When you read Trotsky Davies book about his time, he eventually did get captured by the Germans, the brigadier that was out there for the British. He talks about how difficult it was to get the Albanians to do anything.
The Albanians believed that there were four great allies in the fight against the Nazis, the Americans, the British, the Soviet Union, and the great nation of Albania which every nation has its war narrative, and you don't want to demean a nation for the sacrifices they make in war. But, strategically, Albania wasn't contributing a huge amount to the war effort, but they still expected the same level ... They wanted to be at the same table as Stalin, Roosevelt, and Churchill.
Kim Well, let's get to some of the content that you do make for World Nomads. I recently watched your video where you were on the Russian border?
Ash Bhardwaj Yes, in Estonia. Well, the whole trip was part of a journey down the Russian border. In September 2017, I went to Estonia with the British Army Reserve. It was part of a deployment called Op CABRIT which is basically a reaction to the changing security environment in Europe, and I guess a more boisterous Russia.
I became really curious about why this had happened. I became curious about, why is there tension? What is going on, on the Russian border? Why does Russia feel that it has the right to Crimea, or why are people concerned that they may have aspirations to take back parts of Estonia?
There were these questions in my mind about, what is identity nationalism? What's going on along this border? I set about this project to travel the entire length of the Russian border with Europe.
I started all the way up at the top of Norway in the Arctic Circle where Norway touches Russia. Norway actually goes around the top of Finland and touches Russia right up in the Arctic, beyond the Arctic Circle.
I traveled all the way down through Finland into Russia by St. Petersburg, then Estonia, Latvia, Lithuania, Kaliningrad which is this other bit of Russia, then through Poland, Belarus, Ukraine. Transnistria, which is this fascinating little sliver of land between Ukraine and Moldova, into Moldova, then back to Ukraine and, eventually, down to Crimea.
The Russian border was my eternal shadow companion on this journey. It was the thing that I was there for or the reason for this whole journey.
In Estonia, there's this fascinating place called Setomaa. What happened was Estonia was occupied by the Soviet Union in 1939. The Germans took it for a bit of the war, and then the Soviet Union took it again. Lots of Russians moved into Estonia during that time.
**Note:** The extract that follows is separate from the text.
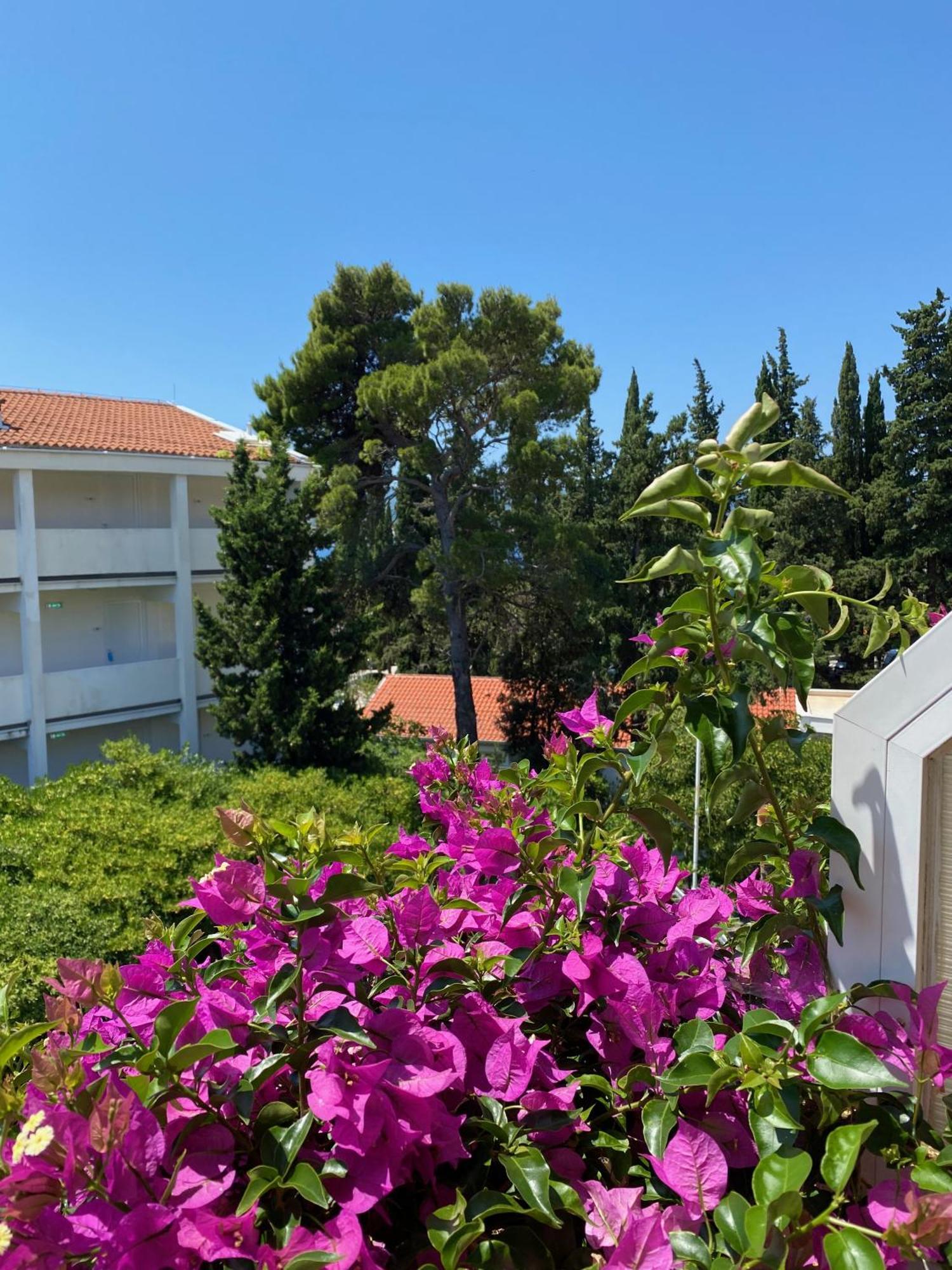 Apartmani Dusanka Orebić Extérieur photo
Then, when the Soviet Union ended, there was a patch of Estonia that got taken into Russia. What that meant was this region that was ethnically distinct within Estonia called Setomaa was cut in half. The people that lived in Setomaa were suddenly cut off from half of their land. They had a choice: Do you move to Estonia, or do you move to Russia? That was the story that I went there for.
Ash Bhardwaj Oh, yeah. [Anna-Luisa 00:11:25]. Yeah, she's absolutely great, isn't she?
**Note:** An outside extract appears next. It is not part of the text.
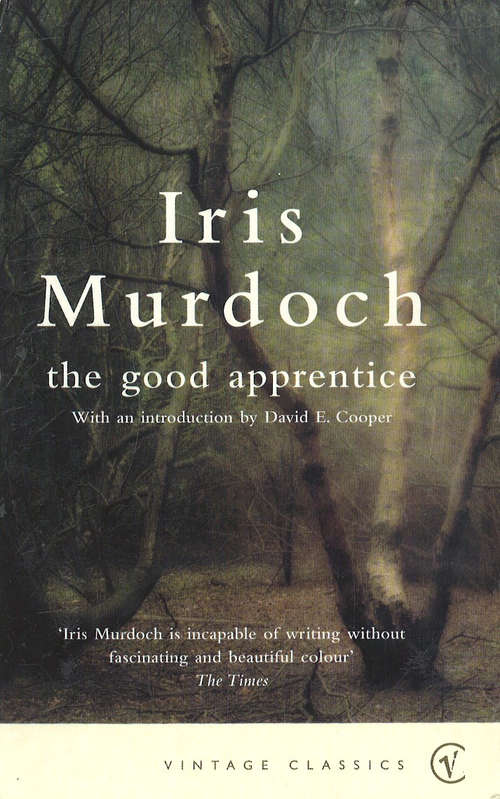 Book cover of The Good Apprentice (Virago Modern Classics)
Kim Ash, as you were wrapping up, you said that she gave you a lot to think about. I really wondered what you actually meant by that.
Ash Bhardwaj Well, I think she, for her, she has a deep connection to the land and to those animals in particular. It's part of her heritage. Her grandmother, she talks about repeatedly, was clearly an extremely influential person in her life. It was her grandmother that gave her her first reindeer, gave her the reindeer mark, taught her how to be a reindeer herder.
For her, being a reindeer herder is not just a job, it's this connection with this identity that goes back, and this identity of who she is as a person, this connection to herself and her heritage and her family, and the things that matter to her.
I think when we ... When you think about work, so many jobs that we have in the world, and so many of the things that we do are quite meaningless. You think, "If my job disappeared, would anybody really care?" You think, "Does my job really matter to me a huge amount?" Work is something we have to deal with, and we have to do, but does it connect with our soul, and does it matter to the world?
For Anna-Luisa, her work connects her to the environment. It's physical. It's something that gives her a real sense of mortality as well because she's very aware of the fact that these animals die. She has to slaughter them. She cares for some. It gives her a real sense of understanding the reality of life.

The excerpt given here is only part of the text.